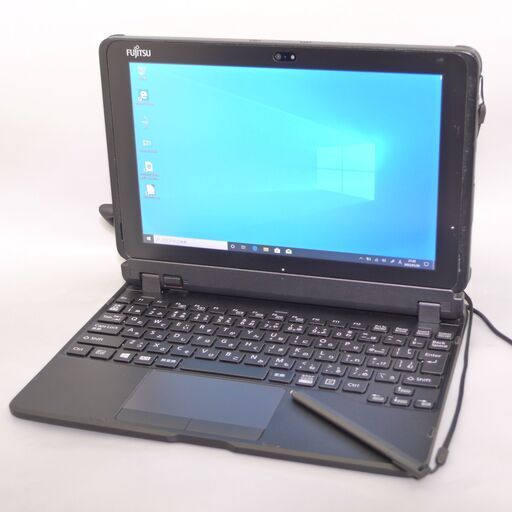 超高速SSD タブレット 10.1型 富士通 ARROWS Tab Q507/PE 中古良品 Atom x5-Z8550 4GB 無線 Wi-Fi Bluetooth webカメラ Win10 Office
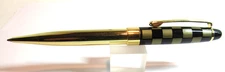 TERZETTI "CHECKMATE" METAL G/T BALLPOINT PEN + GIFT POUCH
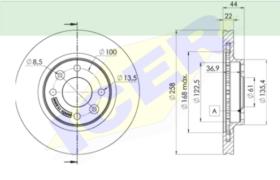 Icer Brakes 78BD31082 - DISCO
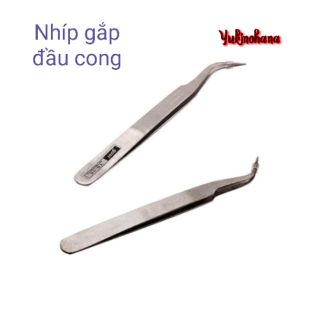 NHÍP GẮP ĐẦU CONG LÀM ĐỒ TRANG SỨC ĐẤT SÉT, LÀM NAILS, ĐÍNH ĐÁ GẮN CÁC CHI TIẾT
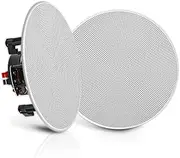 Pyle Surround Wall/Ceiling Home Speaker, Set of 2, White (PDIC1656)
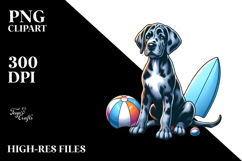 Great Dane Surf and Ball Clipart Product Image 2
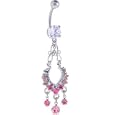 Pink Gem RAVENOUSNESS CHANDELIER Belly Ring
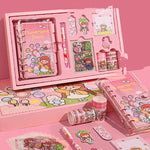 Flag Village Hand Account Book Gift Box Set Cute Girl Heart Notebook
- - -
Restate word for word only the lines that run from the line holding "PEN + GIFT POUCH" to the end of the data, both ends kept, leaving every picture out.

 TERZETTI "CHECKMATE" METAL G/T BALLPOINT PEN + GIFT POUCH
 Icer Brakes 78BD31082 - DISCO
 NHÍP GẮP ĐẦU CONG LÀM ĐỒ TRANG SỨC ĐẤT SÉT, LÀM NAILS, ĐÍNH ĐÁ GẮN CÁC CHI TIẾT
 Pyle Surround Wall/Ceiling Home Speaker, Set of 2, White (PDIC1656)
 Great Dane Surf and Ball Clipart Product Image 2
 Pink Gem RAVENOUSNESS CHANDELIER Belly Ring
 Flag Village Hand Account Book Gift Box Set Cute Girl Heart Notebook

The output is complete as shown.